O mistério do Autoconhecimento: quem é você além de sua personalidade?
Por insegurança, medo, isolamento, necessidade de pertença e carência tendemos a nos identificar com algo para nos sentirmos completos. Nos identificamos com estilos de vida (ex: vegano, progressista, conservador, ambientalista etc.), religiões, partidos políticos, profissões, times de futebol etc. Quando tomo essas identificações como partes inerentes do meu ser, qualquer ataque a elas se torna um ataque ao meu próprio ser. Se alguém diz que minha orientação política não é boa, o que sofre em mim é a minha autoimagem, isto é, um conjunto de conceitos com os quais me identifiquei. Não é — e isso é libertador — meu “ser”, minha “consciência” que sofre, mas a “imagem” que formei para mim mesmo.
Como assim?
Normalmente, nosso autoconhecimento só vai até as “primeiras páginas”. Não queremos saber quem realmente somos, mas tentamos ser aquilo que vai trazer algum benefício para nós.
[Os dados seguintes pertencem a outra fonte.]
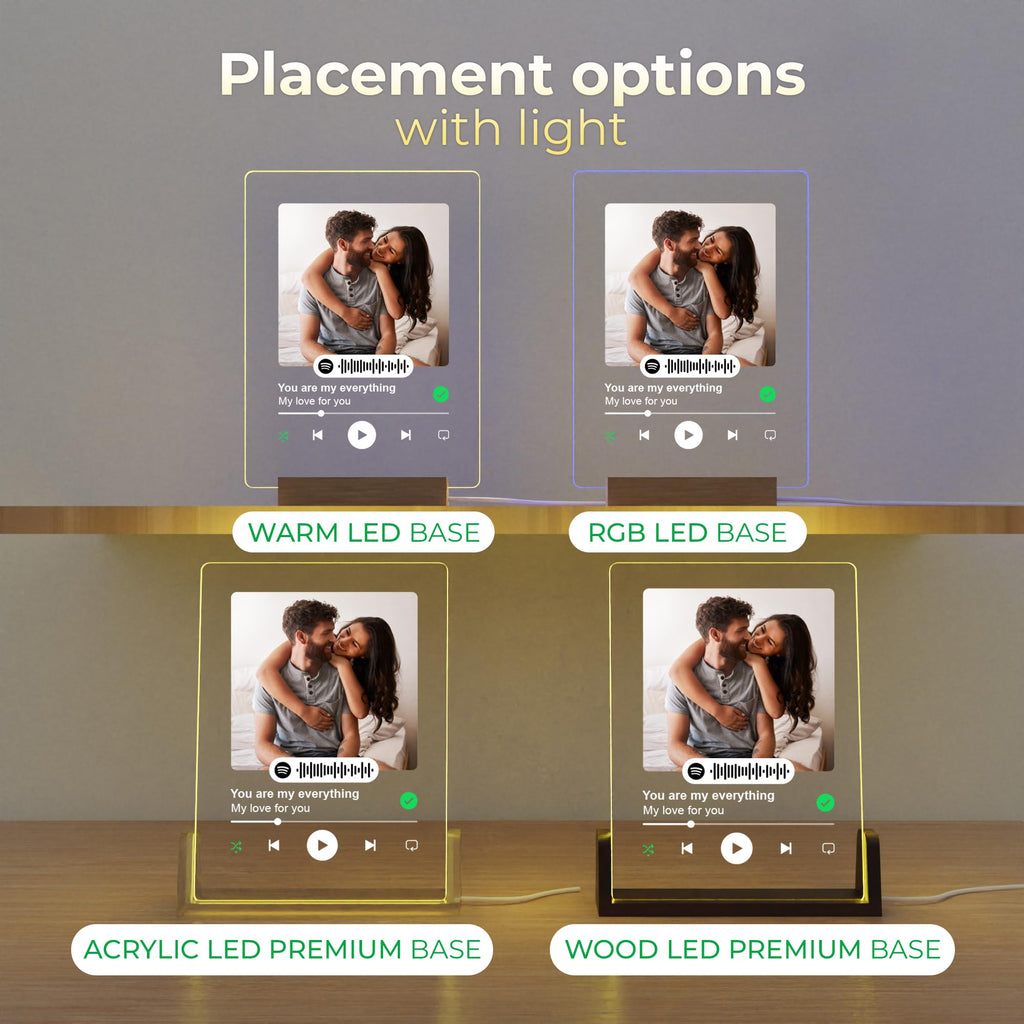EGD Custom Spotify Plaque Gifts for Women | Choose Your Photo & Song for Valentines Day Gifts for Her Him | Valentines Day Gifts for Girlfriend Boyfriend | Customized Gifts for Couples | Multi-Size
É assim que entramos no “jogo da autoimagem”, criando, conservando e destruindo as “máscaras”, as “personas” que nossa consciência utiliza para se expressar no “baile de máscaras” da vida cotidiana, no qual, em geral, “cada um é o outro e ninguém é si mesmo”. Heidegger chamava isso de inautenticidade.
A famosa pergunta da esfinge: “quem sou eu?”. E o princípio do templo de Apolo em Delfos: “conhece-te a ti mesmo” (gnōthi seauton), não se referem a “máscara”, a nossa autoimagem, mas sim àquilo que “veste” ela. Quem é você além de suas identificações? Quem é você além de seus papéis sociais? Quem é você além de suas sensações, sentimentos e pensamentos? Quem é aquele ou aquilo que veste a sua personalidade?
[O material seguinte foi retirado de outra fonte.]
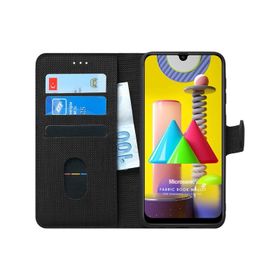 Microsonic Samsung Galaxy M31 Fabric Wallet Siyah Kılıf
Essa reflexão nos leva ao “Mistério dos Mistérios”, ou seja, para “algo” inefável, inescrutável — que somos nós. Por mais que a filosofia, a religião e a “espiritualidade” tentem fornecer respostas para isso ( aliás, esse é o primeiro estágio para direcionar nossa atenção para o “Mistério”, chamado no esoterismo de “mistérios menores”), cada um deve entrar nele com suas próprias pernas. Ninguém fará essa auto investigaçã por você!
Mas, não espere reconhecimento muito menos dinheiro por se empenhar na investigação de si. Ao contrário, isso pode te tornar menos interessado nas atividades que a maioria das pessoas curte. Pode te transformar em uma pessoa “estranha” aos olhos da massa. Talvez, seja por isso que essa auto investigação — tão glorificada pela filosofia clássica e os sábios do Advaita— está se tornando cada vez mais rara.
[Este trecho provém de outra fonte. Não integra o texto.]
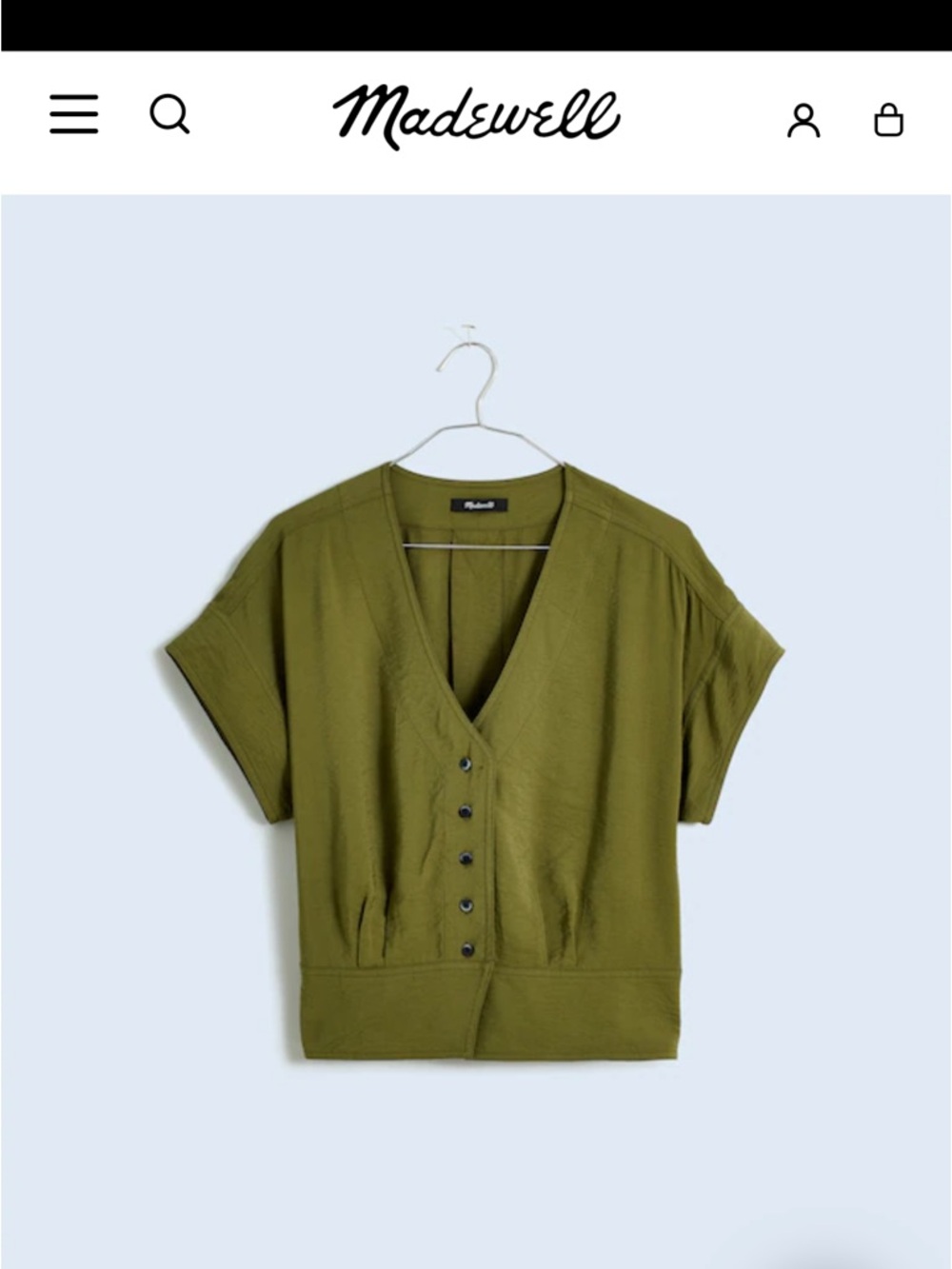 Madewell Olive Green Short-Sleeve Button Front Top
Mas, se mesmo assim você está disposto a “mergulhar em si”, se você sente um impulso forte dentro de você te levando para isso, seja bem vindo ao grupo daqueles que estão aptos a “cavalgar o tigre” (1).
(1) A metáfora de “cavalgar o tigre” é um provérbio oriental que simboliza a complexidade de permanecer em uma situação desafiadora, sem a opção de recuar, pois isso resultaria em enfrentar as consequências, como ser devorado pelo tigre. Essa metáfora também se relaciona com concepções cíclicas da história, como a romana e hindu. Segundo esta última, estamos atualmente na Kali Yuga (idade das trevas), marcada pela dissolução das forças individuais e coletivas que antes estavam unidas por um poder espiritual superior. Na Kali Yuga, a busca genuina pelo autoconhecimento é dificultada por diversas distrações, tornando-a uma tarefa desafiadora, comparável a cavalgar o tigre.